Risk turns to reward at Atlanta

Flirting with disaster, Edwards prevails to win MBNA 500

? Lap after lap, Carl Edwards flirted with the outside walls on his way to another victory at Atlanta Motor Speedway.

While just about everyone else in the 43-car field for Sunday’s NASCAR Nextel Cup race tried to run well below those unforgiving walls, Edwards purposely hugged the concrete at speeds approaching 200 mph.

“I like running at the top of the racetrack,” Edwards said after completing a season sweep on the 1.5-mile, D-shaped oval. “It’s a blast.

“I used to race at this track in Holt’s Summitt, Mo., and the fast line used to be with the right-side tires up on the guardrail.

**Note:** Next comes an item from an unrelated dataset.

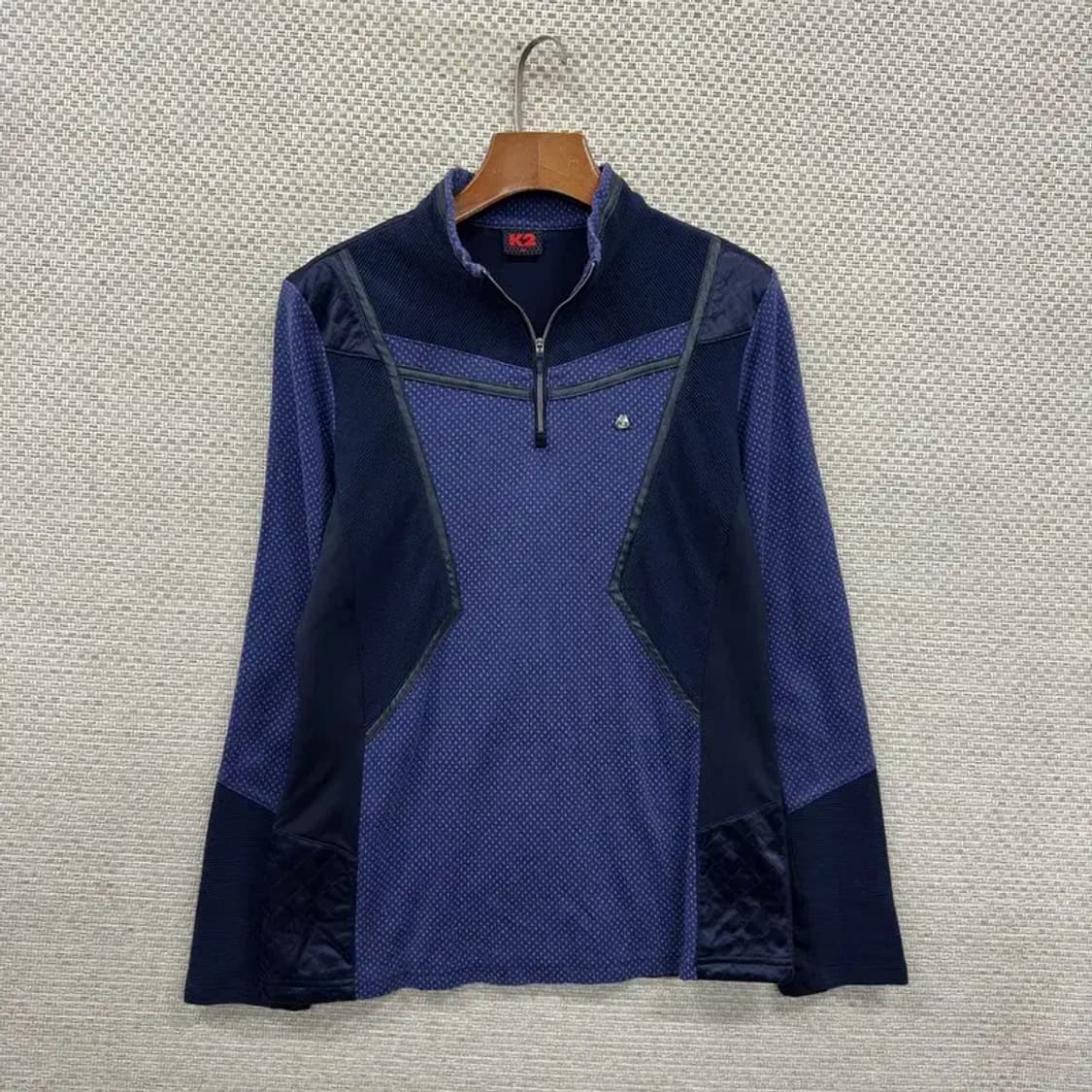 K2 아웃도어 등산 반집업 긴팔티 100 A00264 상품이미지1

We won two track championships there just driving it on the guardrail.”

But now, instead of racing at an obscure dirt track, Edwards is competing in NASCAR’s top stock car series and vying for a championship in his first full season of competition.

“I was worried that I would slip up and make a mistake, but the car was good enough that I didn’t have to drive hard enough to be in danger. It was just fun,” Edwards said.

The victory in the Bass Pro Shops MBNA 500 helped Edwards make up some ground in the Chase for the championship, moving him from fifth into a tie for fourth with Ryan Newman. Both now trail leader Tony Stewart by 107 points, with three races remaining in the 10-event season-ending playoff.

“Absolutely, we’re making a run,” Edwards said when asked if he believed he could win the title. “That’s why we were here today. We had some bad runs at New Hampshire and Martinsville, tracks I’m just not as good at. But, if we can just do well at the track that we are good at, we’ll do it.

“Anything can happen in racing, just anything. So we’re not going to quit until the last race.”

Edwards, who barely held off veteran Jimmie Johnson for his first Cup victory on the Georgia track in March, had a dominating car through the second half of Sunday’s 325-lap race.

Edwards lost a lead of more than six seconds when the last of nine caution flags waved for debris on lap 283. But he was able to regain control and pulled away to earn his third victory of the season, beating four-time Cup champion Jeff Gordon to the finish line by 2.713-seconds, half the front straightaway on the 1.5-mile oval.

Stewart, the hottest driver in the series since June, finished ninth and increased his lead atop the standings from 15 to 43 points over Johnson, who finished 16th – the last driver on the lead lap.